Television broadcasters plan to mount a legal challenge to the new $2.5M annual licensing fee recently announced by the Guyana National Broadcasting Authority (GNBA), pioneering broadcaster Anthony Vieira said yesterday, while the main opposition APNU charged that the increase would force small stations out of business.
“We have hired attorneys to challenge the $2.5M and to challenge the way the $2.5M is implemented,” Vieira told an APNU news conference.
Vieira later identified the operators of channels 2, 7, 9, and 13 being among those who will be party to the legal suit.
Last month, head of the GNBA board Bibi Shadick declared that from this year broadcast licence fees will be no less than $2.5M per year. “The decision of Cabinet was that the annual licence fee for all licensed broadcasters… be equivalent to three percent of the year preceding, for commercially-operating firms… provided that the three percent is no less that $2.5 million,” she had said.
APNU executive Joseph Harmon also denounced the new fee yesterday, saying that the coalition believes that the across-the-board sum was unfair to small and out of city stations with less earning capacity than larger and centralised ones.
He said too that small stations would be forced out of business because they will be unable to meet the large fee coupled with their own overheads. “Television stations that are perceived to be sympathetic to the views expressed by the opposition will be targeted in this technique of fees manipulation to make it less profitable to operate and eventually put them out of business,” he said.
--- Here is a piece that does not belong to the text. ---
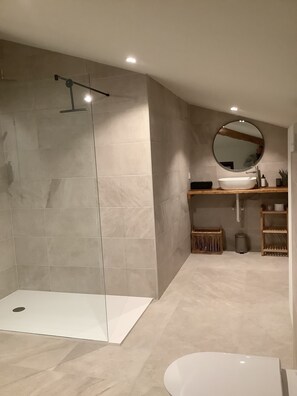 Standard Double Room, 1 Queen Bed | Bathroom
Harmon, who said the fee must be rejected, also said that APNU was concerned about some of the provisions of the Broadcast Act of 2011, which he suggested contravene the constitutional right to freedom of expression.
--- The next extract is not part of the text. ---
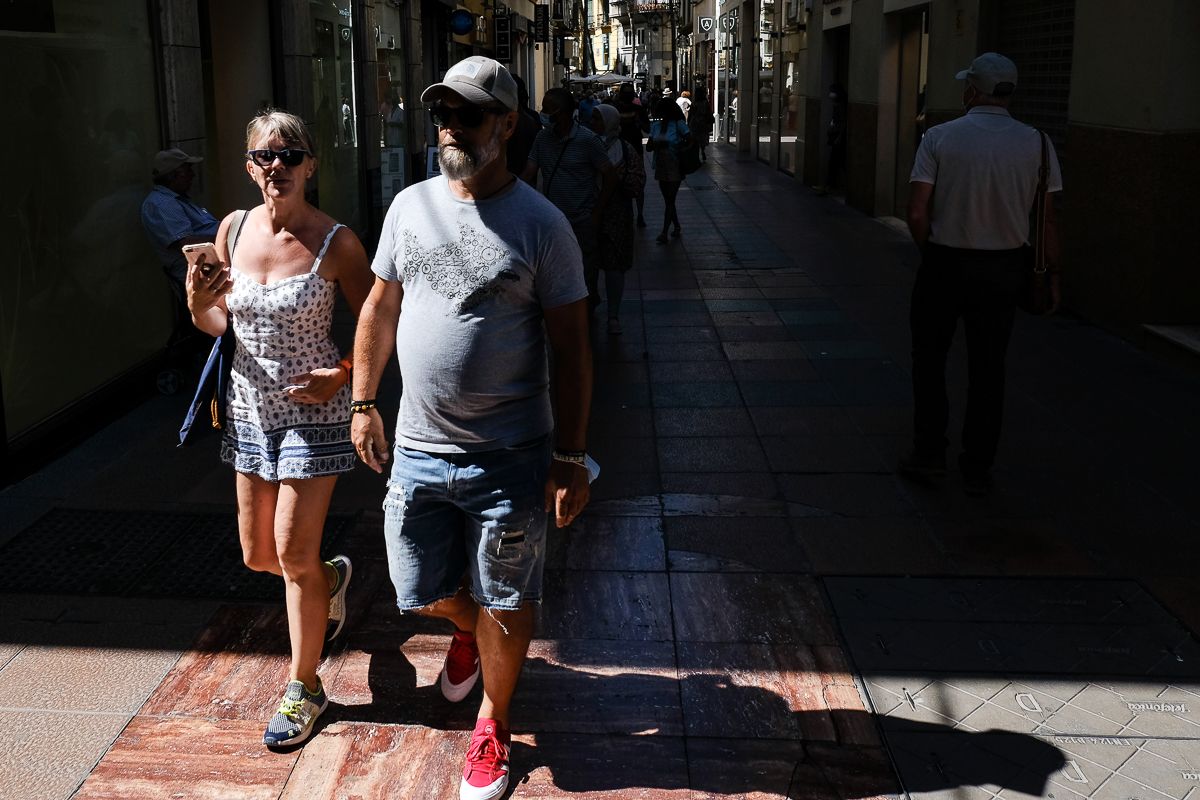 Primer día sin mascarillas en el exterior en Málaga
“The licence fee of $2,500,000 is a massive increase from the sum of $240,000 which television broadcasters previously paid annually… The issue of licensing fees brings into sharp focus APNU’s concerns about the Broadcast Act No 13 of 2011 and some of its provisions which offend freedom of expression guaranteed in Article 146 of the Guyana Constitution,” he said.
In addition, Harmon noted that the state-owned stations were already beneficiaries of a large percentage of advertisements due to unfair competition. “In an environment, where advertising dollars is a scarce commodity, where state-owned media compete for the same advertising dollar as the private broadcast media, where advertisers have expressed fear of victimisation when they advertise on certain TV stations, the time when the TV stations can be faced with closure cannot be far off,” he added.
Harmon criticised the GNBA Board for not playing a role in determining the licensing fees. He said he believed that as an autonomous office, the board should exercise its functions and not have government determining its role. As a result, he called on the board to review the prescribed fees. “If Ms Shadick, could say this is what she was given by Cabinet, then clearly the [members of the] board [themselves] did not exercise their minds to the reality of broadcasting…. The Broadcast Act 13 of 2011 which gives the President the power to appoint 6 of the 7 members of the authority without consultation permits a level of arbitrariness and interference by Government,” he said.
The coalition also plans to soon table amendments to the Broadcast Act of 2011.
When Stabroek News contacted Shadick about the concerns, she informed that at the time she could not comment but will do so today when she would have personally analyzed concerns raised.